これも皆、いつも読んでくださっている皆さんのおかげです。


これからも細々と書き続けていくので、引き続きお付き合い頂けたら幸いです。



「どうしたの? ルディーン」


 レーア姉ちゃんから見て僕がよく解んない所を見ながら大きな声を出したもんだから、何が起こったのかって声をかけてきたんだ。


 だからさっきクラウンコッコをやっつけた事で、僕のレベルが上がったんだって教えてあげたんだよね。


 ところが、


「ふぅ~ん。で、それが上がると何かいい事があるの?」


 なんて聞いてきたんだ。


 だから僕は、これがどれだけ凄い事なのかを教えてあげようとしたんだけど……。


「あれ? 何かあったっけ?」


 そう言えば10レベルから11レベルに上がっても、そんなにいい事は無かった気がする。


 そりゃあさ、ステータスは上がるし、マジックミサイルは3発まで一度に撃てるようになるよ。


 でも次の12レベルと違って新しい魔法を覚えるわけじゃないし、ステータスだって1レベル上がったくらいじゃたいして変わんないんだよね。


「なんだ、何にも無いんじゃない。
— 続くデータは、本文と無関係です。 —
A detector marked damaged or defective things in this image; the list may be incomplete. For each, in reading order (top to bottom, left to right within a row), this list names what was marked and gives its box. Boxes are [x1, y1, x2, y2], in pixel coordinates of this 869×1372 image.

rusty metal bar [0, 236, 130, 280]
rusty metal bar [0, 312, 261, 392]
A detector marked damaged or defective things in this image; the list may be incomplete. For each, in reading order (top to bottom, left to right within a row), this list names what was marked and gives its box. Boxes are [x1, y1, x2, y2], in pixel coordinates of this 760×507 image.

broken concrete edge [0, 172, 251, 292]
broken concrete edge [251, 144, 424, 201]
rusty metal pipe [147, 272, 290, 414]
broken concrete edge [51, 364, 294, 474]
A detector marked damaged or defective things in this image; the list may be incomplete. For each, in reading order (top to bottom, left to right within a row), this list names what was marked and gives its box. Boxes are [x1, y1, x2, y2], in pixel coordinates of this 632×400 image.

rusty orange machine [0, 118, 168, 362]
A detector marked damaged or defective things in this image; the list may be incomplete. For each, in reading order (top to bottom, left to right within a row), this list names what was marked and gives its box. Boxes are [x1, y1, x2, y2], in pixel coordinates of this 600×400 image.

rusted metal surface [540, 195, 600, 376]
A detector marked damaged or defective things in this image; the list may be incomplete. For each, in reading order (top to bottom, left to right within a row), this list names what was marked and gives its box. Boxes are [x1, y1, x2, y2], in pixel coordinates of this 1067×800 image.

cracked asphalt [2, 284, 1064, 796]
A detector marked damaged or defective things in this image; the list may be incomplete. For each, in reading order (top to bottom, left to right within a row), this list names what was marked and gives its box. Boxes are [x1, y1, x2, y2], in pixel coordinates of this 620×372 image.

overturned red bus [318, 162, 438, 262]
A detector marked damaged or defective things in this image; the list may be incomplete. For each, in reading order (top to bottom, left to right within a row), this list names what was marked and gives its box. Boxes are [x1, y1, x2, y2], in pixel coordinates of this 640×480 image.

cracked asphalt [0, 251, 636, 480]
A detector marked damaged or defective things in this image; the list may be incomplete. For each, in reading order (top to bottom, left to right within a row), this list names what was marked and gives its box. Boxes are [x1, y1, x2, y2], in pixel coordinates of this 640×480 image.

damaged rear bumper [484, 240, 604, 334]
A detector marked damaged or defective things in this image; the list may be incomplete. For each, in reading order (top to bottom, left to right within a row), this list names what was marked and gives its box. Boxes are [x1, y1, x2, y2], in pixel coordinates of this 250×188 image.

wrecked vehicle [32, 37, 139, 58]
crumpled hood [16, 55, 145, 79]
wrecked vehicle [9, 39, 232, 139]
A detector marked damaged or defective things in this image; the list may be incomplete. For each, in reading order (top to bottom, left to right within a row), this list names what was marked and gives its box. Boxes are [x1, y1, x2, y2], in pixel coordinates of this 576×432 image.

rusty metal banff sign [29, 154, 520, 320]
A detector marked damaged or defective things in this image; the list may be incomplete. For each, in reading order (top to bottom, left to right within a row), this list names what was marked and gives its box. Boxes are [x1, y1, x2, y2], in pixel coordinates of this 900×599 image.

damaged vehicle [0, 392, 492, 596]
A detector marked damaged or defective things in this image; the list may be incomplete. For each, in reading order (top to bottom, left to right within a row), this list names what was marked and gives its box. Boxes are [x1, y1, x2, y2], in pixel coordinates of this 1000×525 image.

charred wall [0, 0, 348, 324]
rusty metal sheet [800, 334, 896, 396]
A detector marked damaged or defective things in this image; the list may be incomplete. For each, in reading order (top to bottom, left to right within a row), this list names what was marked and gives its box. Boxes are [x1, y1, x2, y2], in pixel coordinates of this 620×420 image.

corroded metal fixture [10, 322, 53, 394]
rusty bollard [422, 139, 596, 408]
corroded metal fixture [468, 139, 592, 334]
ならルディーンも手伝って。こっちは大変なんだから」


 結局レベルアップをして喜んでる暇もなく、レーア姉ちゃんに引っ張ってかれちゃったんだ。



「大変って、一体何なのさ!」


 確かにクラウンコッコは体が大きいから運ぶのは大変だって思うよ。


 でも重さを軽くする魔道具があるし、何より僕はみんなより体が小さいから運ぶのを手伝おうとしたってかえって邪魔になるだけだと思うんだよね。


 それに大きな魔物の場合は大体その場で血抜きをするから、余計に僕がやる事なんて無いと思うんだけど。


 そう思ってレーア姉ちゃんにそう聞いたんだけど、そしたら予想外の答えが帰って来たんだ。


「卵がいっぱいあるのよ。ルディーンも集めるのを手伝いなさい」


「卵? 巣に卵がそんなにあったの?」


 お姉ちゃんからそう言われた僕は、クラウンコッコって体が大きいから集めるのが大変なくらい一度にいっぱい卵生むんだって思ったんだけど、実はそうじゃなかったみたい。


「巣には4つだけよ。でもね、その周りにいっぱい卵が転がってたの」


 お姉ちゃんが言うには、クラウンコッコって毎日3つから5つのの卵を生むらしいんだ。


 でね、有精卵以外は普通そのまま放置して移動しちゃうらしいんだけど、今回は巣を作ってたから移動せずに近くに放置してたらしいんだよね。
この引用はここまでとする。